Gli alberi lungo viale Aldo Moro sono invece stati sacrificati al tram, e alla pista ciclabile che gli passerà accanto. Opere «green» insomma. A Bologna si sta realizzando una rete tranviaria, ed è tutto un vorticare di concetti in sé giusti, come «trasporto pubblico», «riduzione delle emissioni», eccetera. Un tram è una cosa buona. Solo che questo specifico progetto di tram implica l’abbattimento di migliaia di alberi, nuove colate di cemento, nuovo asfalto, e in prospettiva nuove grandi urbanizzazioni nelle periferie, su suolo ancora libero.
Come dice l’assessore all’urbanistica Raffaele Laudani, Bologna deve espandersi, svilupparsi, allargarsi, diventare «una metropoli da un milione di abitanti».
Perché mai debba farlo, in una regione dove il consumo di suolo è uno dei problemi più gravi, non lo spiegano se non con pseudoconcetti neoliberali come «attrattività». Bologna è sempre più «attrattiva» – per i capitali, per gli studenti danarosi delle università private internazionali, per i turisti che ordinano i taglieri coi dadini di mortadella – ma sempre meno abitabile per chi ci vive.
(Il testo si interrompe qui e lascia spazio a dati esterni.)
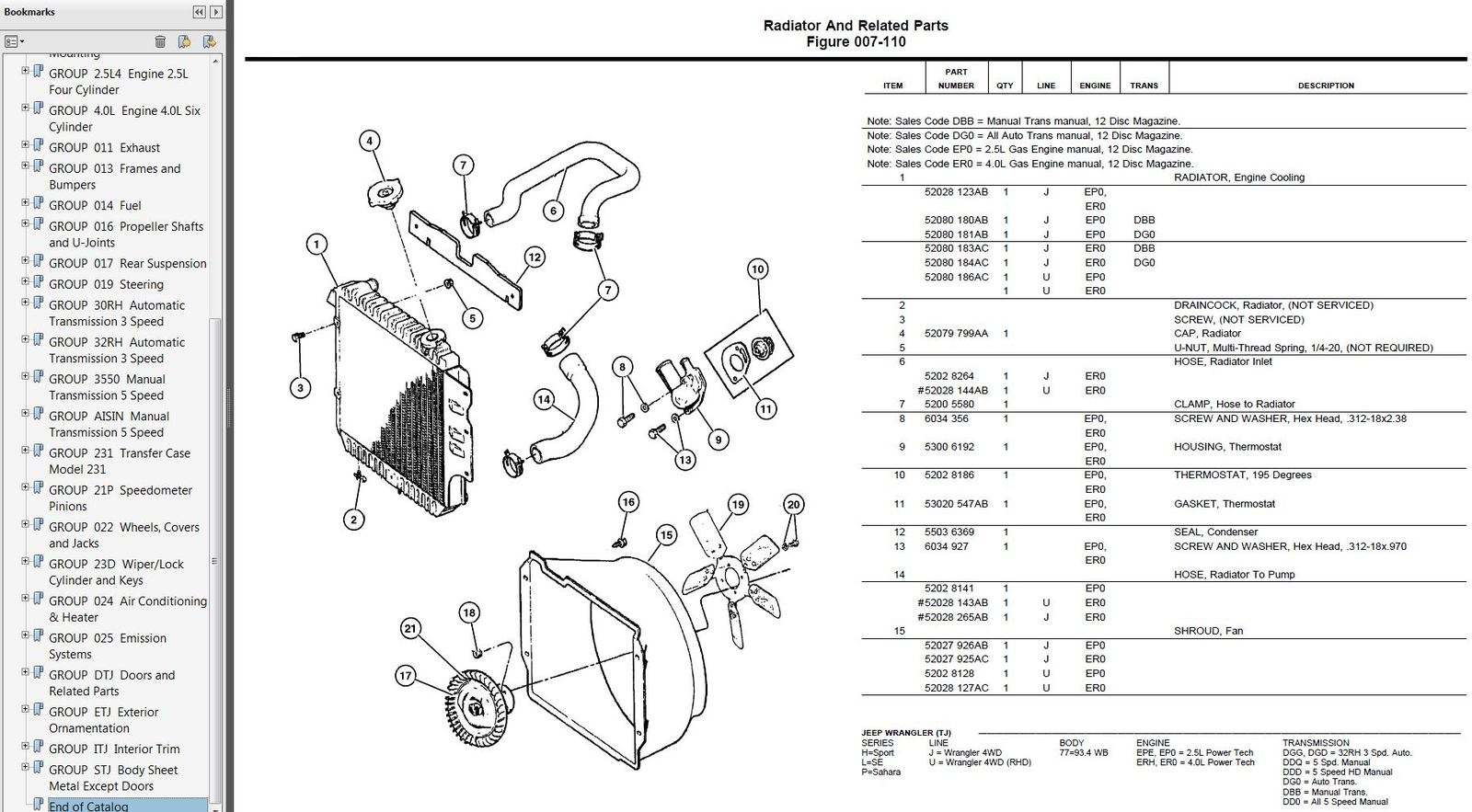 2001 Jeep Wrangler Parts Catalog 6166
Le scene presenti nel video vanno inquadrate in questo contesto.
Per approfondire:
Questi anni a Bologna: le balle «green» della giunta Lepore Clancy – Inchiesta in tre puntate (2023)
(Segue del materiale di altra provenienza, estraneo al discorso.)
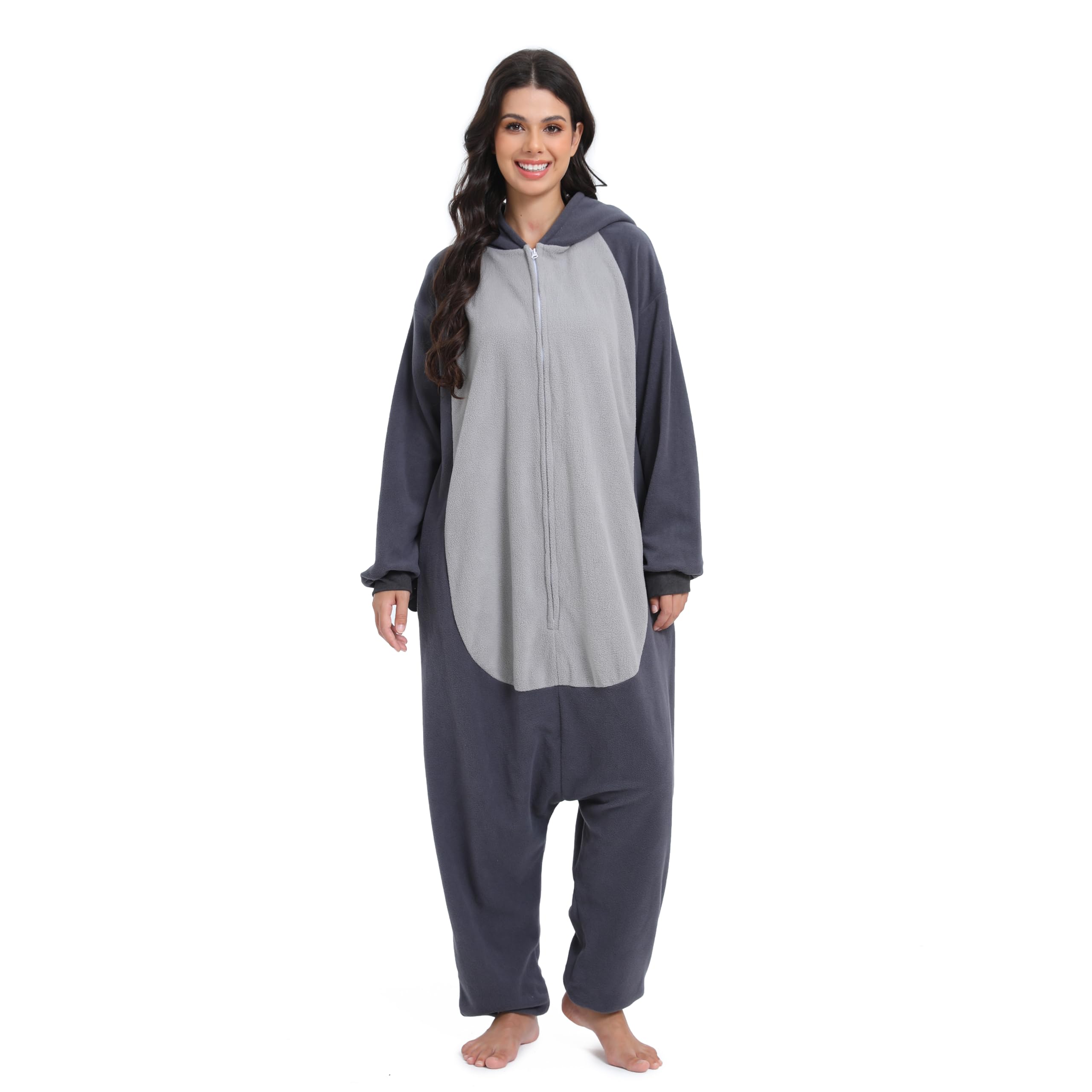 NAITOKE Disfraz de animal para adultos, disfraz de Halloween, pijama de una pieza para mujeres, hombres y adolescentes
Il parco e la città. Uno sguardo dal futuro di Bologna (2024)
Ma soprattutto:
Distruggere gli spazi pubblici. Bologna da città progressista a città neoliberista (2024)
Chiunque voglia capire quel che sta accadendo a Bologna, conoscere il modello di città che viene imposto e contro cui (in)sorgono nuove lotte, deve leggere da cima a fondo questo articolo di Mauro Boarelli. Un’analisi esatta e impietosa dei processi in corso, una panoramica tra le più complete proposte finora.
Che disagio la sinistra di destra, mai mi sarei aspettato una reazione così scomposta dalla città più sustainable, green, inclusiva e progressiva d’Italia…
Tra l’altro proprio oggi il Governo ha fatto passare in Commissione Affari Costituzionali e Giustizia alla Camera, con i promotori i ministri Nordio e Piantedosi, la misura contenuta nell’articolo 11 del disegno di legge sulla sicurezza come norma ‘anti-Gandhi’. Questo provvedimento, attualmente in esame presso le commissioni Affari Costituzionali e Giustizia alla Camera, prevede pene detentive fino a un mese per chi blocca una strada da solo e da sei mesi a due anni se l’azione è compiuta da più persone. Teoricamente persino un gruppo di studenti che fa un sit-in di protesta davanti una scuola fermando il traffico per qualche minuto rischia il carcere.
Se non è fascismo questo, fare i “forti” con i deboli, cosa altro è?
Tutto contento il Sindaco Lepore, così potrà cementificare anche le menti.